Now lets go along the lines of your answer
First of all:
> I think it's a fluke that the average BAOC Sprint Series runner
> scores about 50 USOF (Blue) points.
It is OK, with me.... ( maybe because I have no clue what 50 Blue points are? :)
Do you think it is higher or lower? :)
Now the question: What is 50 Blue points. Is it or should it be different then 50 Yellow points?
My Opinion:
UNIDORMITY tells me that 50 Yellow points should be the same as 50 Blue, meaning you with 100 Blue points run Yellow with gnarliness 2000 in 20 minutes and run Blue Sprint with gnarliness 2000 in the same 20 minutes. And runner with Yellow 50 points runs same Blue sprint in 40 minutes if finishes.... and same yellow in same 40 minutes.
I'm not talking here about the fact that most people running and even winning Yellow will be 30 point runners and it might be not politically correct to tell them that. We can normalize it later, before the award ceremony. But I would like to be able to predict how much time it will take me to run Yellow course even if I always run Red, and I think CONSISTENCY should allow me to have that.
And one more example on importance of CONSISTENCY
Here is data from
http://www.usof-rankings.org/ for "O in the Oaks Sprint"
Event # GV Course Date Club Event Description
34 1026 Blue 2008/11/14 BAOC O in the Oaks Sprint
38 1247 Red 2008/11/14 BAOC O in the Oaks Sprint
47 1387 Green 2008/11/14 BAOC O in the Oaks Sprint
35 1878 Brown 2008/11/14 BAOC O in the Oaks Sprint
I was not running O in the Oaks, Sprint, but What would my performance be if I perform to my normal level?
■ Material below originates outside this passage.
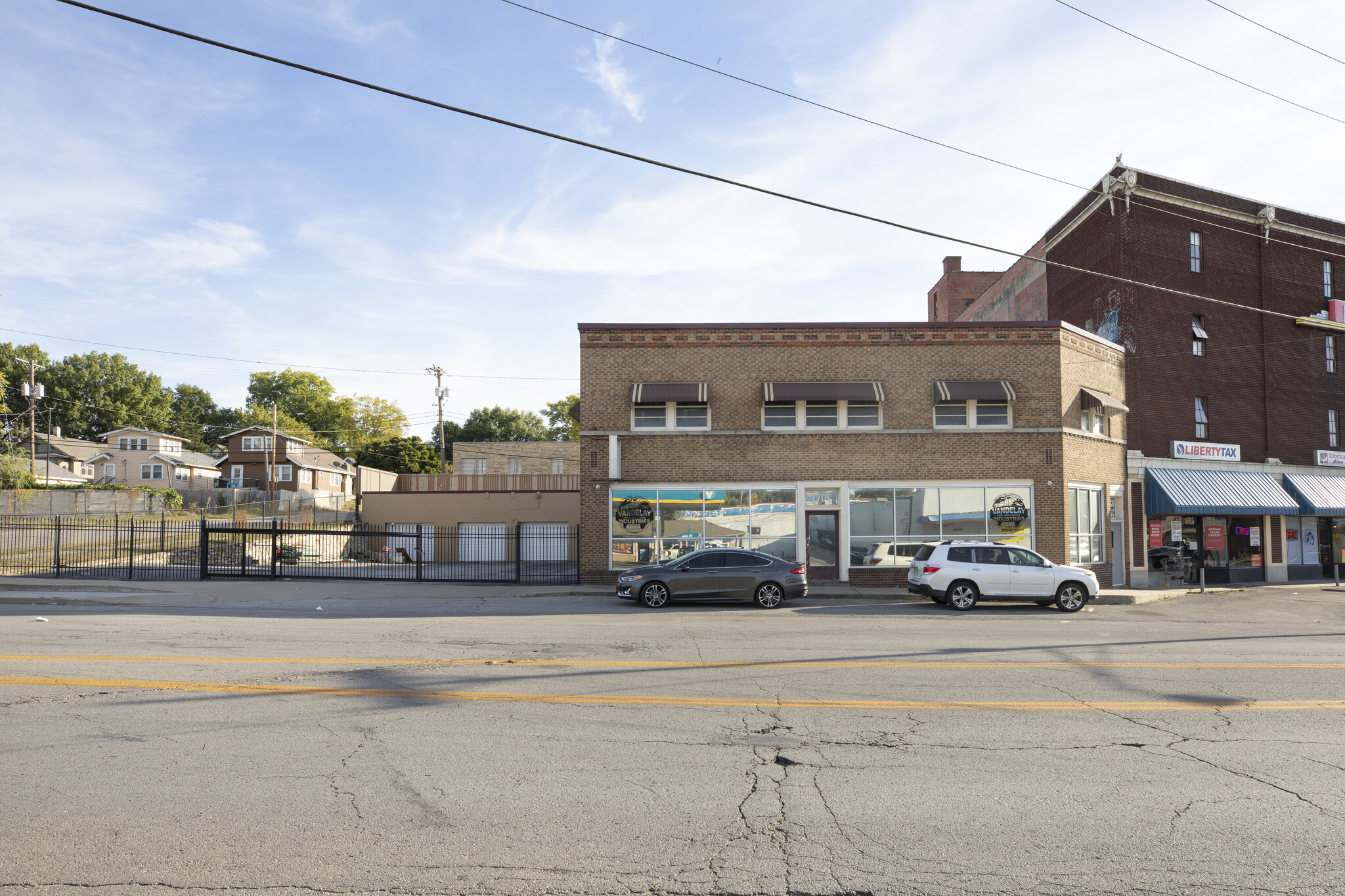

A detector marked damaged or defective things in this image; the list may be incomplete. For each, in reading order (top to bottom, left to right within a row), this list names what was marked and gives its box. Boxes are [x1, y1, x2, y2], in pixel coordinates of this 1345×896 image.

cracked pavement [3, 586, 1345, 891]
My age puts me into Blue, but I normally run Green. and my score is about 50 in Sprint Series.
GV is different by factor of 80% for EXACTLY the same course, just because of the fact that set of slower runners registered for brown and set of faster registered for Blue.
This doesn't have sense to me.
Score As I propose to define it is stable and continuous measure of persons performance and will not change after his 55th birthday (if he do not broke his leg, of course)
My opinion:
One course should have one GV, then winner in Blue will get his 100 or so points, and winner in Brown get his 60 or so points, which demonstrate his actual ability to run the same course.
Normalize later when award presentation is coming to make everybody A student...
> Had you chosen a different population, you would have had a different average.
You are correct here.
But I only care about CONTINUITY, which is preserved. As I tried to say in my write-out, given population fairly large, average moves quite slowly, unlike average over top 3 leaders which changes drastically ( up to 20%) within couple races with presence or absence of SINGLE high level runner.
> The average of a population is a poor thing to normalize to, and it should become very evident once you get, say, a large group of JROTC.
I first was going to write : I'm eager to prove that you are wrong",
but I will say : " I'm eager to get this large JROTC population data and test my hypothesis against it, as the only data set I have is BAOC, and then we talk with numbers at hands", scientific, eh?
> IOF does something quite similar in that they normalize their points (which are calculated differently from USOF points in that they are linear in time, not in speed)
Do you have reference to their methodology? It will be interesting to see.
> to the average runner, but they go to pains to exclude the slowest people.
I would be strongly against it as this contradicts UNIFORMITY again, nothing should be excluded
> There is a "threshold of slow" that one must be faster than, in order to be considered a part of the population.
> Perhaps with a similar constraint it would make sense to normalize USOF/BAOC points to the average of the faster population
Well, this is similar to what they did in formula1 when you have to be in 107% in order to get to the start. It would be not so difficult to implement by just calling some slow people as Non Qualified (in a way equal to DNF)
My current thought here is that such drastic measures only are important in high level professional events ( and it happens in a way by pre-qualification) , or if one would have disproportionally high number of recreational ( should-be-white) runners on blue course, which is definitely not the case of BAOC Sprint, and most probably not the case in most of our events. Worst I can imagine to happen is that average will drop and top people will constantly be getting 120-150 scores, which his not important to me.
NOTE: Remember in my post I did plain normalization to 50 point average and top runner automatically was in 100 point zone. This is not required by any normalization and could be different if different population were taken.